2/3. You already answered that these need to be included in every call to the API and I don't really have anything else to add here except to not try to find a way around this, like submitting the same time stamp for a batch of calls. Even though it might work if the calls are made within a certain time window, Walmart uses the time stamp to determine which call came in last which is especially important for things like their price API. Again feel free to email me with any questions, I'll try to respond here too but I don't this website that often.
The variable names I am using these variable names just to reference the code provided in the walmart developer guide. I am just going to translate the java code there to ruby to show how I got the values for stringToSign and encodedKeyBytes.
# This is provided to you by walmart
consumerId = "b68d2a72...."
# Also provided by walmart
privateEncodedStr = "MIICeAIBADANBgkqhkiG9w0BAQEFAA......"
# Full path
baseUrl = "https://marketplace.walmartapis.com/v2/feeds"
# HTTP Method Verb
httpMethod = "GET"
timestamp = (Time.now.to_f * 1000).to_i.to_s
stringToSign = consumerId + "\n" + baseUrl + "\n" + httpMethod + "\n" + timestamp + "\n"
encodedKeyBytes = Base64.decode64(privateEncodedStr)
From there you just run it through the original code and then base64 encode the signature and remove white spaces and then you're good to make a request.
In Order to generate multiple parameter pass string as by escaping sting.
Auth Signature & timestamp need to be generated for each API call for e.g . Pagination call Also
if i try to generate Auth signature for multiple parameters, it does not generate it and returns exceptions. I am using a Jar file to generate Auth signature.
USE SHA class instead of jar file =>
It will generate signature for multiple parameters also.

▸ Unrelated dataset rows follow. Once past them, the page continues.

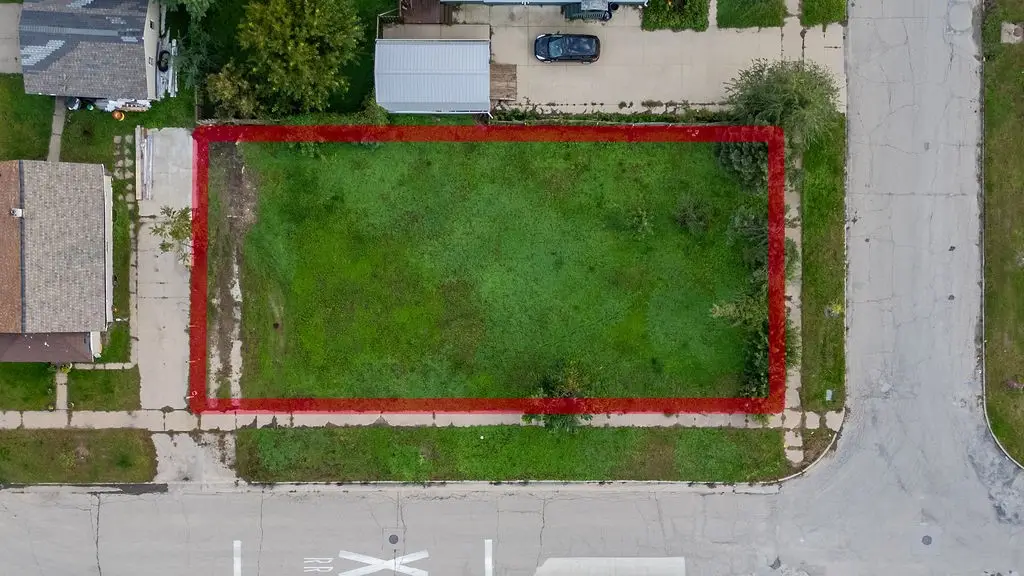 901 & 903 Bromley Street, Marshalltown, IA 50158 - #1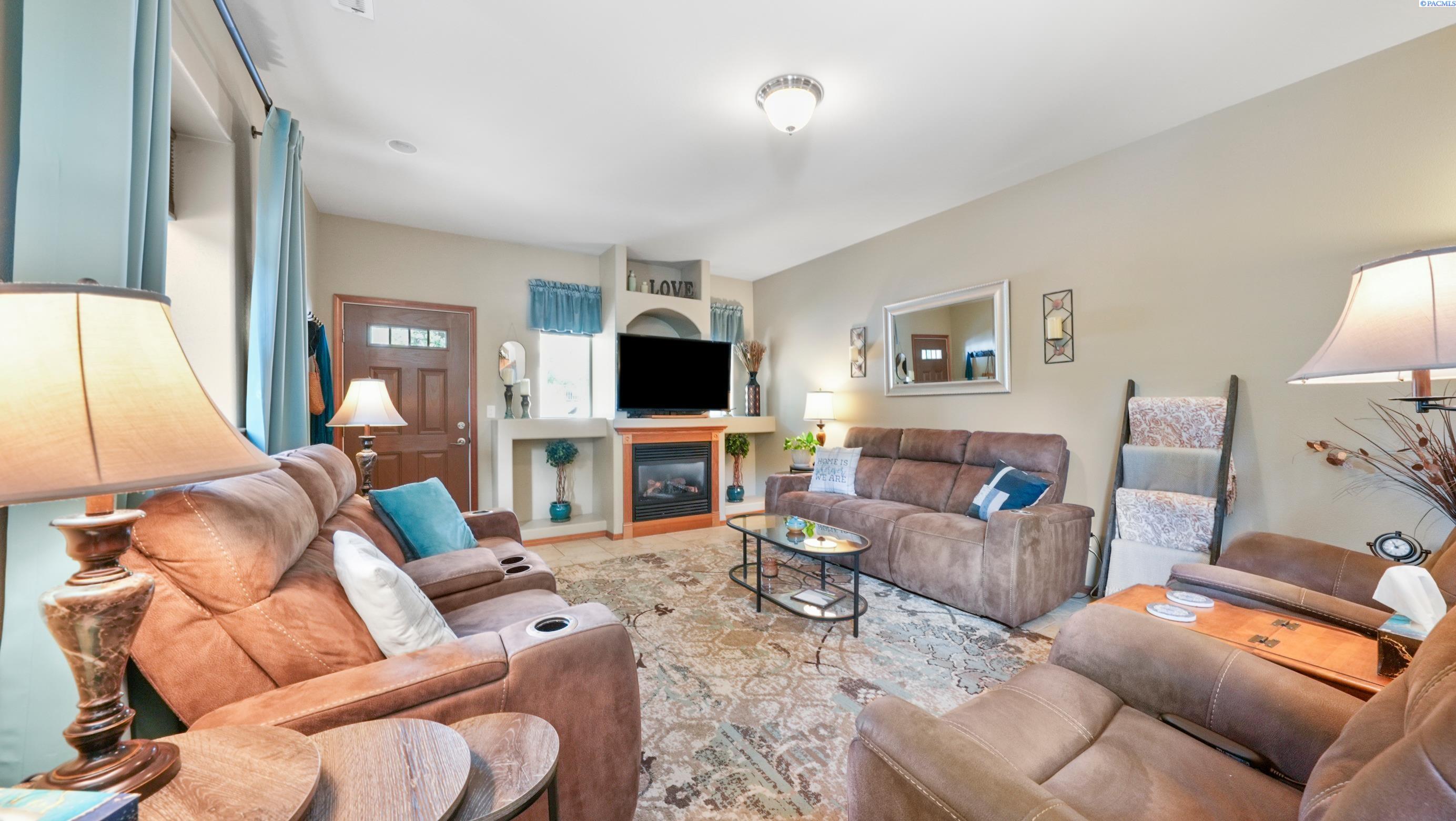 Photo 4 of Condo for sale at 153 Keene, Richland, WA 99352 | MLS# PAC296016 | Listing updated on 2026-09-29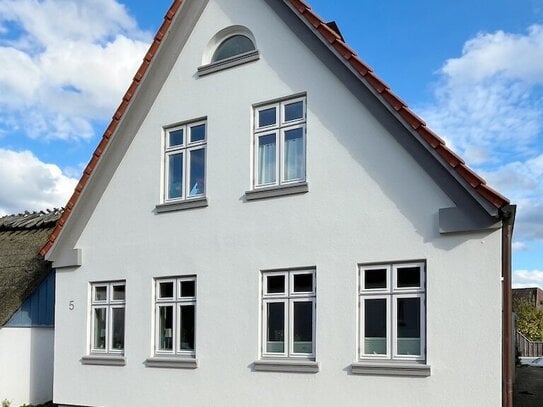 Stilvolles Haus im historischen Dorfkern von Maasholm mit Baufeld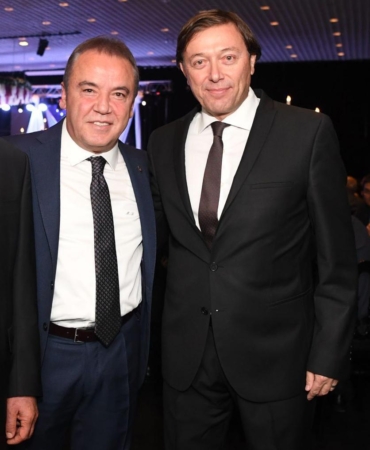 Antalya Büyükşehir Belediyesi’ne ‘rüşvet’ operasyonunda 3 tutuklama (2)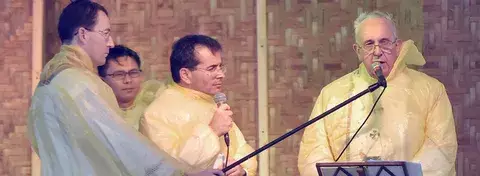 Filipinas: Millones de ciudadanos demuestran al papa fervor católico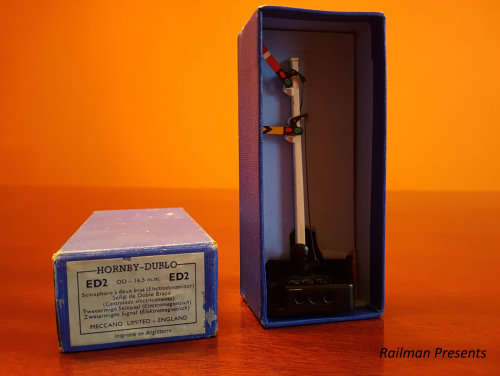 Hornby Dublo Double Arm Electric Signal - Boxed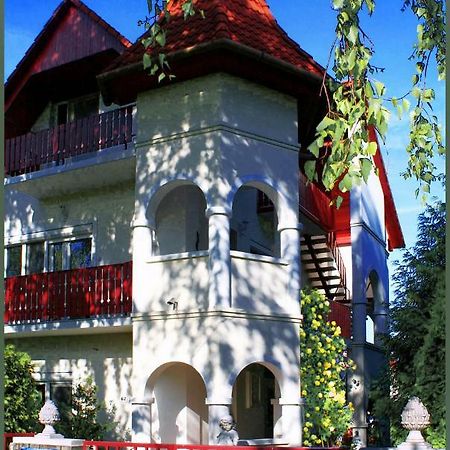 White & Quiet Apartment House Хевиз Экстерьер фото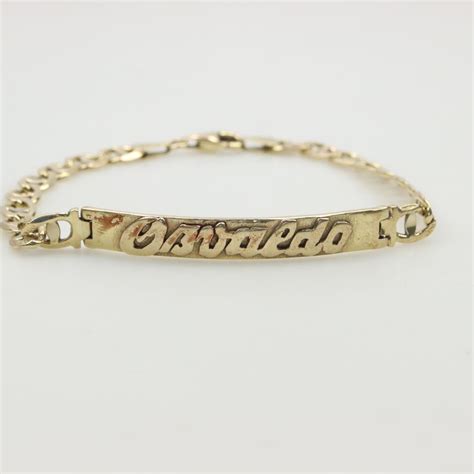 14kt Gold Name Plate Bracelet | Property Room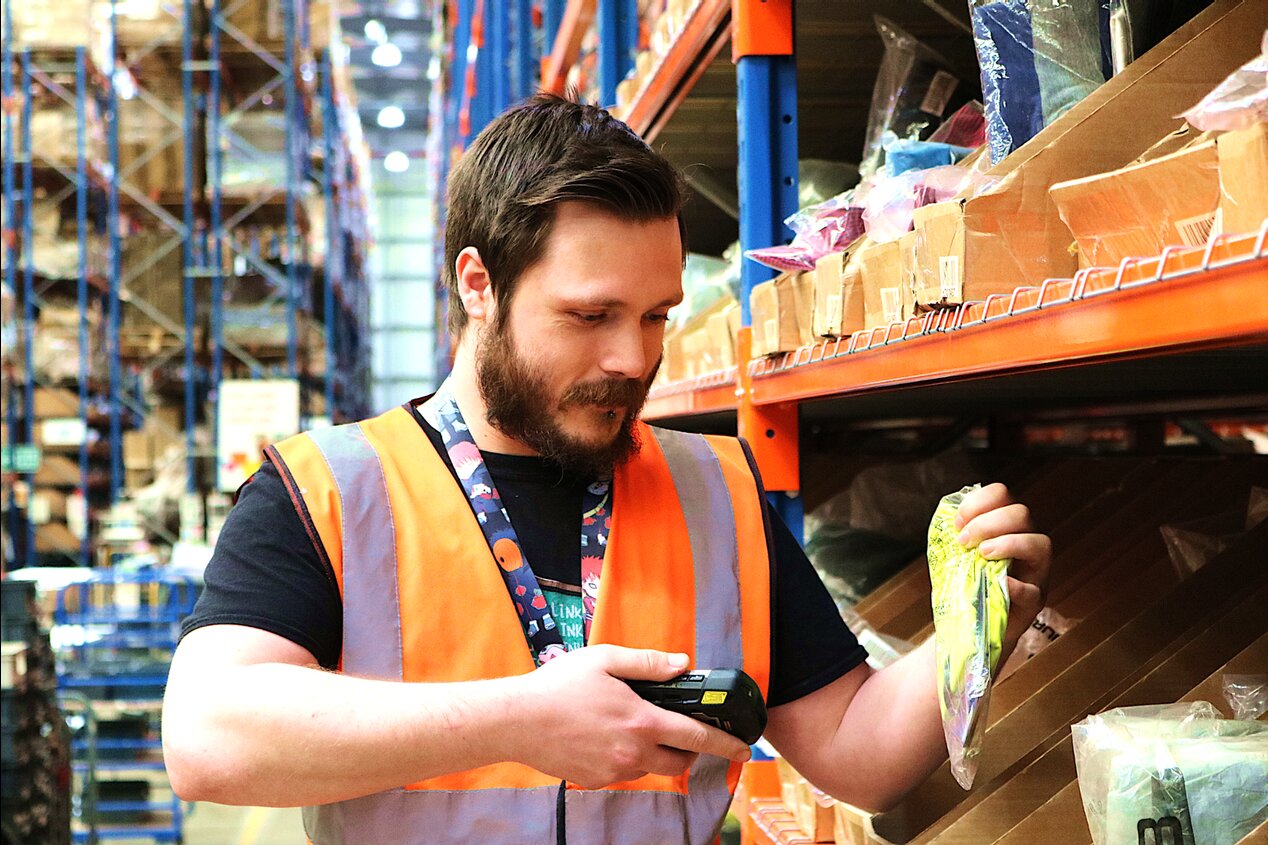 whistl-male-employee-picking-orders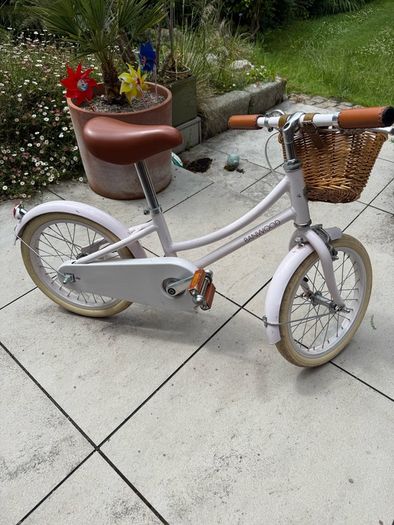 Girls bike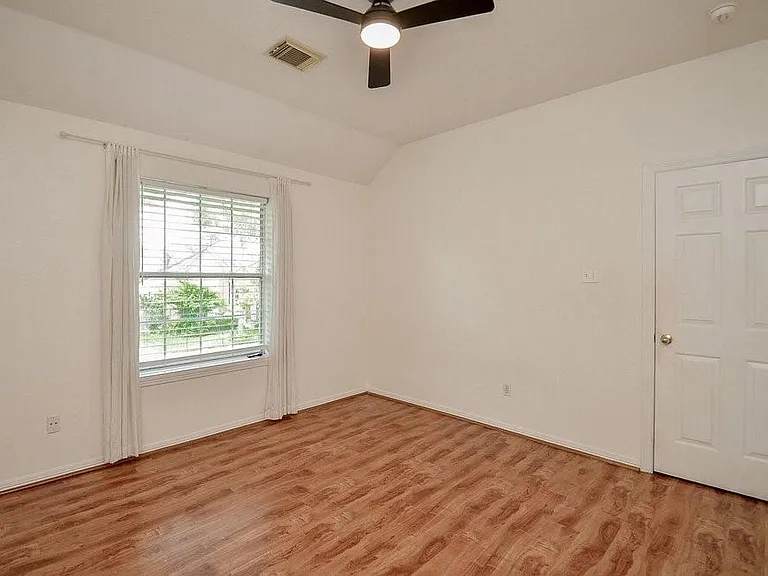 2515 Lansing Cir — Photo 37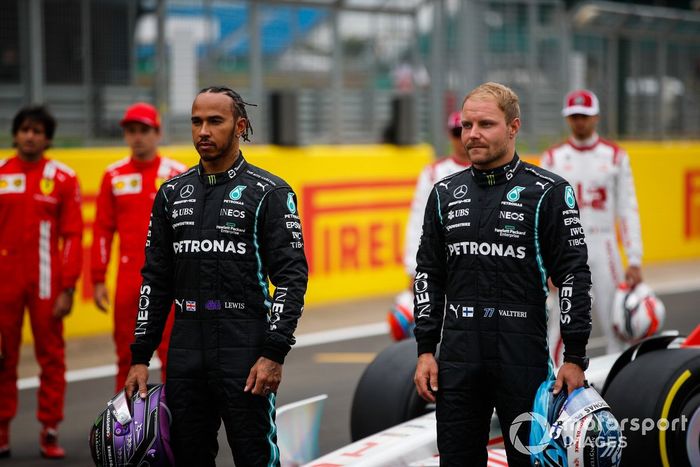 Lewis Hamilton, Mercedes y Valtteri Bottas, Mercedes en el evento de lanzamiento del coche de Fórmula 1 de 2022 en la parrilla de Silverstone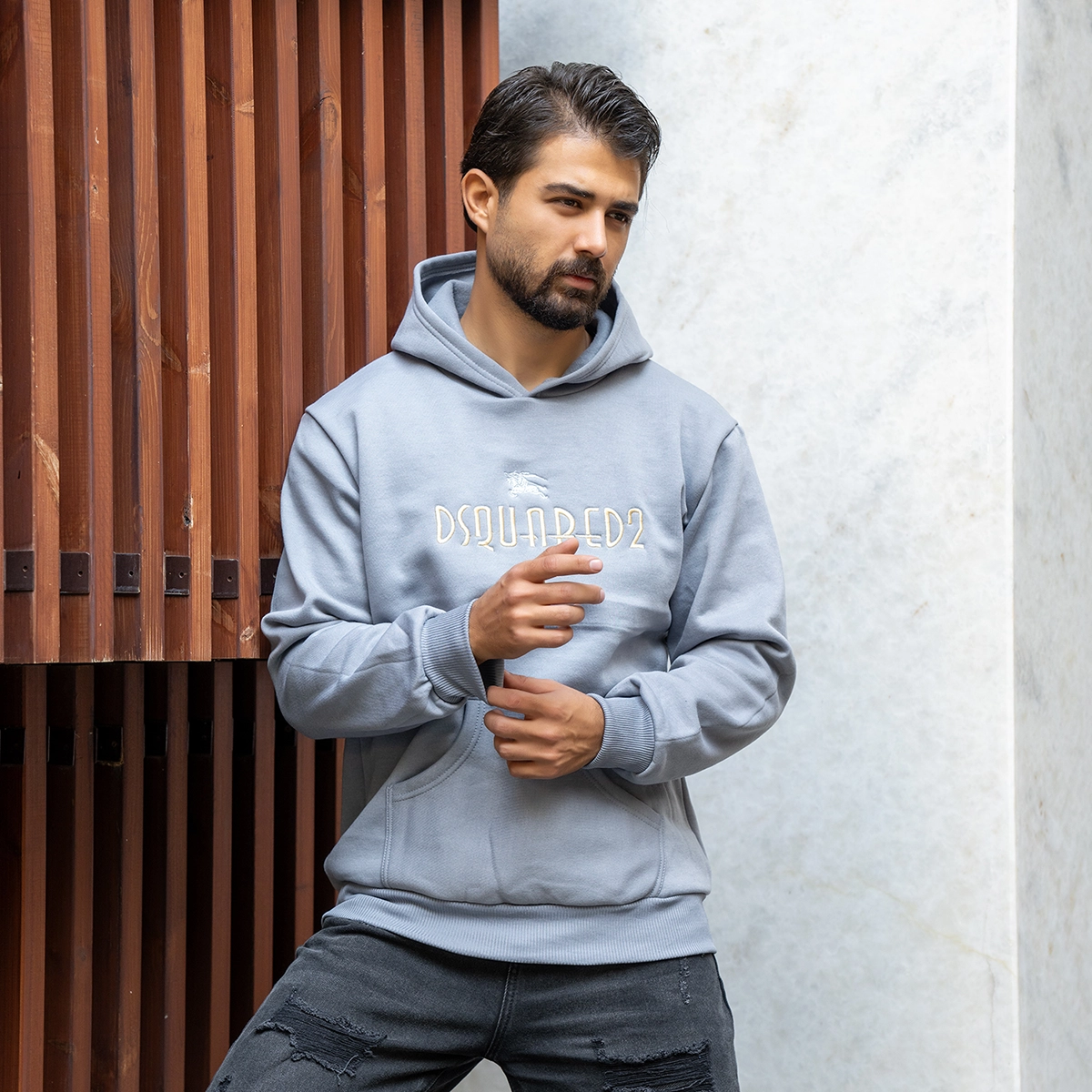 هودی مردانه طوسی DSQUARED2 مدلBehrad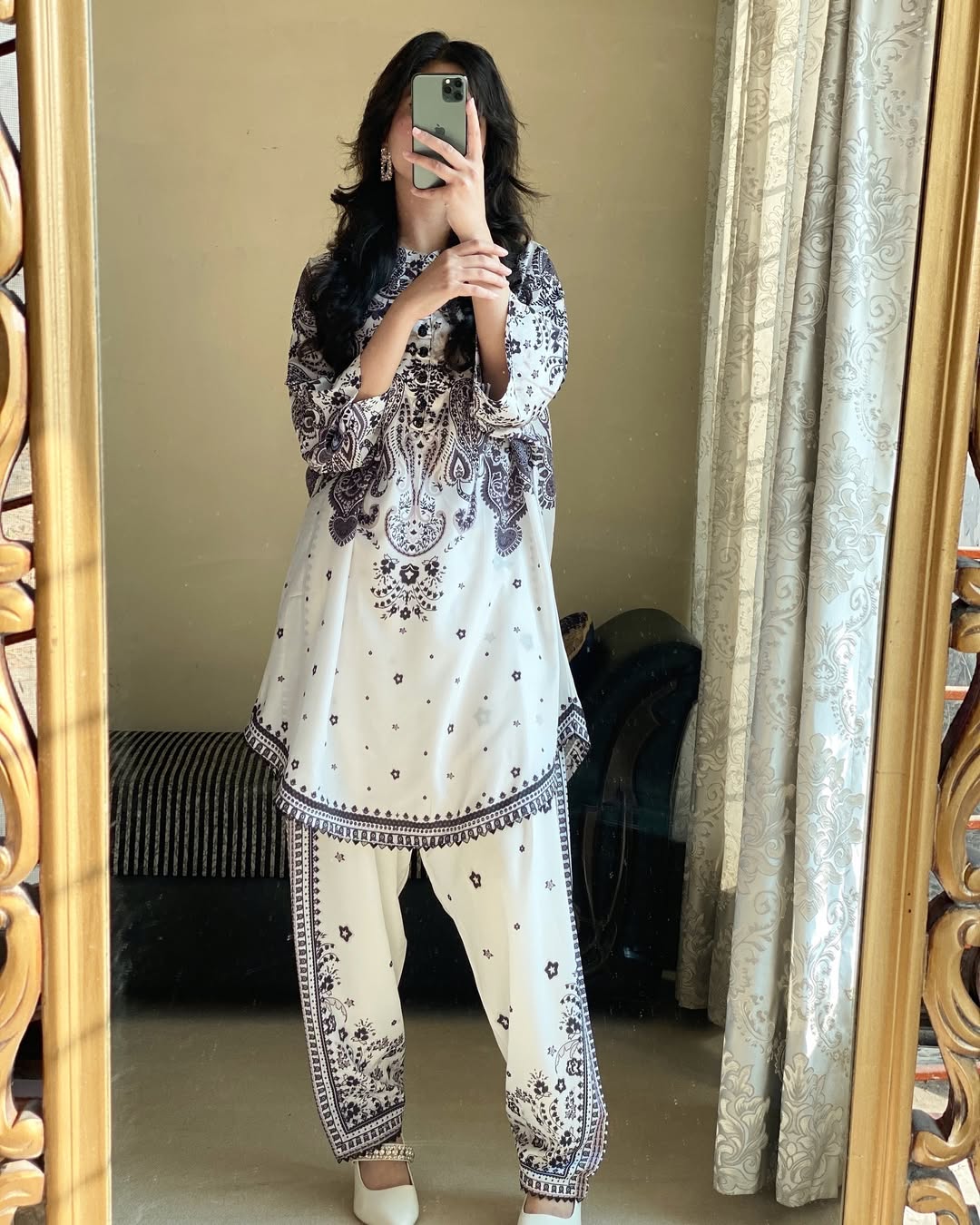 ANAYA - SILKY LAWN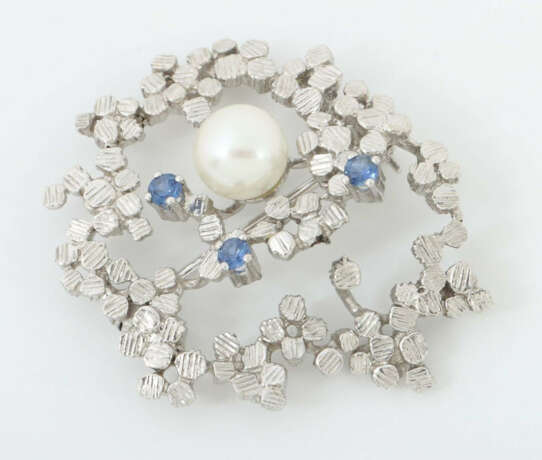 Brosche mit Perle Um 1970, Weißgold 585, punziert, ges. 7,9 g, besetzt… - photo 1 Brosche mit Perle Um 1970, Weißgold 585, punziert, ges. 7,9 g, besetzt… - photo 1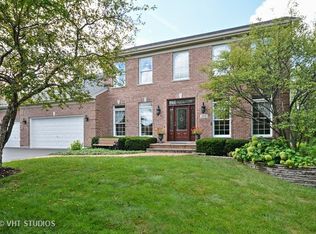 261 Westhaven Cir, Geneva, IL 60134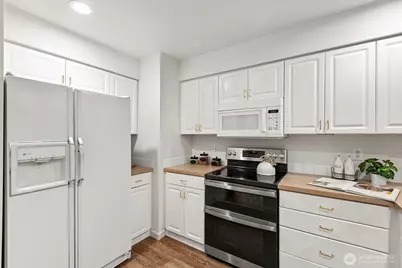 21616 9th Avenue SE #C105, Bothell, WA 98021 - Photo 14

import org.apache.commons.codec.binary.Base64;
import java.security.KeyFactory;
import java.security.PrivateKey;
import java.security.Signature;
import java.security.spec.PKCS8EncodedKeySpec;
public class SHA256WithRSAAlgo {
private static String consumerId = "b68d2a72...."; // Trimmed for security reason
private static String baseUrl = "https://marketplace.walmartapis.com/v2/feeds";
private static String privateEncodedStr = "MIICeAIBADANBgkqhkiG9w0BAQEFAA......"; //Trimmed for security reasons
public static void main(String[] args) {
String httpMethod = "GET";
String timestamp = String.valueOf(System.currentTimeMillis());
String stringToSign = consumerId + "\n" +
baseUrl + "\n" +
httpMethod + "\n" +
timestamp + "\n";
String signedString = SHA256WithRSAAlgo.signData(stringToSign, privateEncodedStr);
System.out.println("Signed String: " + signedString);
}
public static String signData(String stringToBeSigned, String encodedPrivateKey) {
String signatureString = null;
try {
byte[] encodedKeyBytes = Base64.decodeBase64(encodedPrivateKey);
PKCS8EncodedKeySpec privSpec = new PKCS8EncodedKeySpec(encodedKeyBytes);
KeyFactory kf = KeyFactory.getInstance("RSA");
PrivateKey myPrivateKey = kf.generatePrivate(privSpec);
Signature signature = Signature.getInstance("SHA256withRSA");
signature.initSign(myPrivateKey);
byte[] data = stringToBeSigned.getBytes("UTF-8");
signature.update(data);
byte[] signedBytes = signature.sign();
signatureString = Base64.encodeBase64String(signedBytes);
} catch (Exception e) {
e.printStackTrace();
}
return signatureString;
}
}
Does Auth Signature & timestamps need to be generated for each API call for e.g . Pagination call Also?
YES, for each and every call including pagination , you need to generate new Signature and Timestamps.
Does Authentication need to do for each call?
YES, Authentication need to do for each call.